VENICE, Italy (AP) — The 72nd Venice Film Festival, which runs through Saturday, is bringing red carpet premieres, innovative movies and Hollywood glamour to the Italian city. Here’s what has been catching the eye of The Associated Press:

LAURIE ANDERSON DWELLS ON DEATH IN ‘HEART OF A DOG’

At 75 minutes, Laurie Anderson’s “Heart of a Dog” is the shortest film competing for the Golden Lion at the Venice Film Festival. But it packs an emotional wallop.

Anderson weaves a personal meditation on life, creativity and death around stories about her painting, piano-playing terrier Lolabelle.

Anderson, a composer and performance artist who had a pop hit in 1981 with “O Superman,” likens the film to a series of short stories.

“Some are about a dog, some aren’t,” she said. “Some are about how we tell stories and what a story is. That’s really what the movie is about. And in the middle of the movie … is an account of the bardo, the Tibetan Book of the Dead. What happens when you die?”

Two deaths are discussed in “Heart of a Dog,” of Lolabelle and Anderson’s mother. Another loss hangs over the film — the 2013 death of Anderson’s husband, rock star Lou Reed.

Reed appears briefly in the film, and one of his songs plays over the end credits.

“He didn’t see this film, but I think he would have liked it,” said 68-year-old Anderson.

“He helped me a lot in my life and a lot in my process … he knew all the things in the film,” she added. “He’d watched me write them and talk about them and I think he would have really loved to be here in Venice.”

—By Cristina Jaleru

‘BEHEMOTH’ REVEALS CHINA’S POLLUTION NIGHTMARE

Zhao Liang’s “Behemoth” is set in the Chinese province of Inner Mongolia. But you would be forgiven for thinking it was set in hell.

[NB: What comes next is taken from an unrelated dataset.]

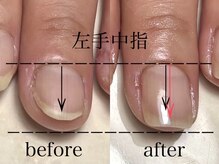 ロイネイル 鹿嶋店(LOInail)/育成3ヶ月コース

The documentary dwells on the giant coal mines and steel mills that have chewed up the region’s grasslands. The camera lingers on furnaces, smoke and slag heaps worked by grime-encrusted figures. In voiceover, the director describes a nightmarish journey through a landscape reminiscent of Dante’s “Inferno.”

Zhao said Friday that when he visited the region, once roamed by nomadic herders, “to me, it looked like hell.”

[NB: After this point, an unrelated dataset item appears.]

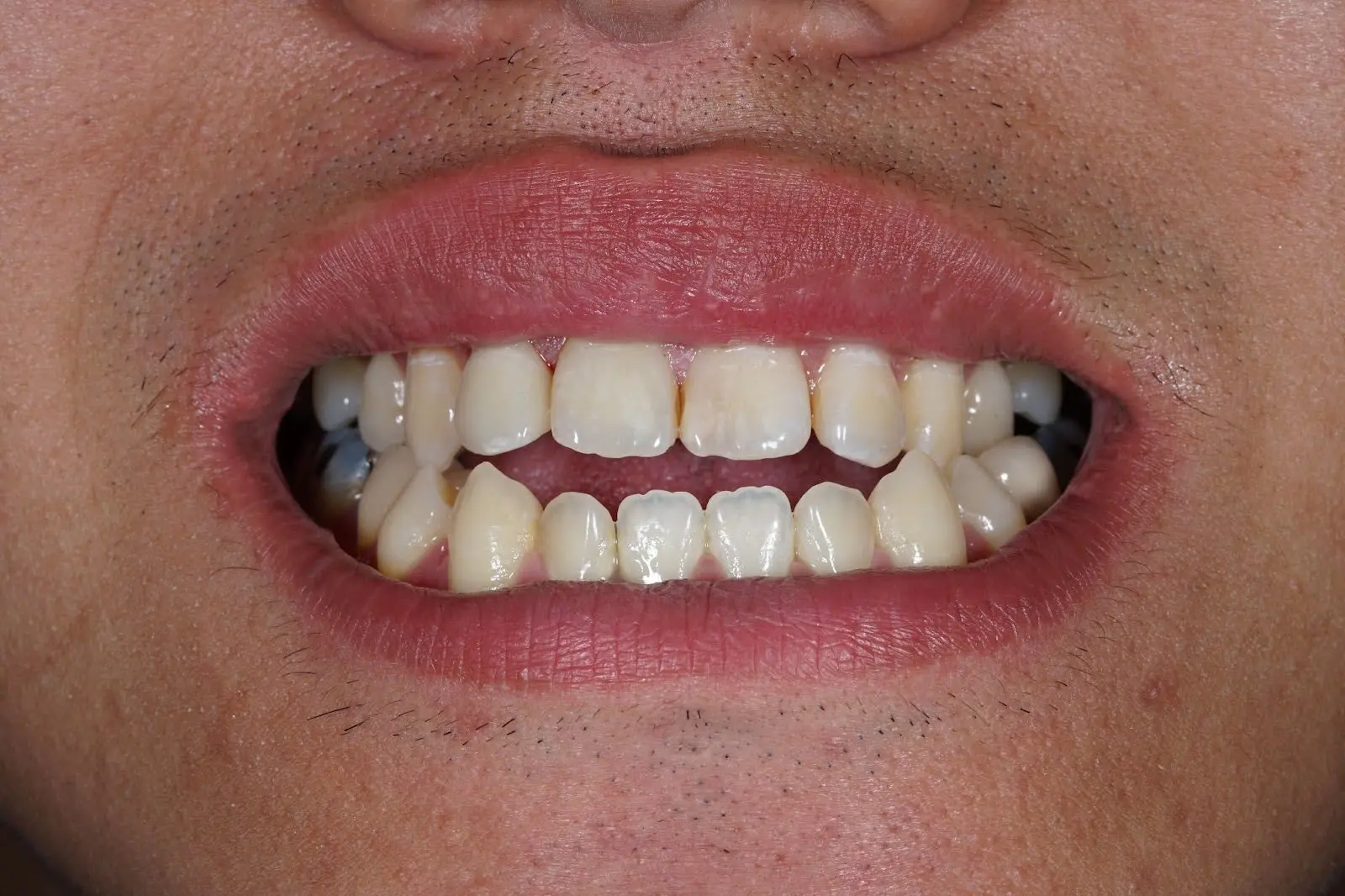 open-bite-types-causes-and-treatment-dentique-cochin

“So, I took my camera to take some shots and try to tell the world what the situation is,” the director said through an interpreter at the Venice Film Festival, where “Behemoth” is the only documentary among 21 movies competing for the Golden Lion.

Industry has transformed China in recent decades, raising living standards for millions but generating pollution on a vast scale. The film shows the devastating health effects of industrial pollution, which has left many workers with lung disease.

Zhao’s social-issues documentaries have not always been released in his homeland. “Behemoth” might make uncomfortable viewing for Chinese officials, but Zhao thinks everyone has to share the blame for the country’s environmental degradation.

“It’s a consequence of our desires,” the director said. “We want more and more, so we’ve helped to create this pollution problem. It’s also a consequence of this blind development path that we keep on following.

“I think the monster, the Behemoth, is actually us, with all our crazy desires.”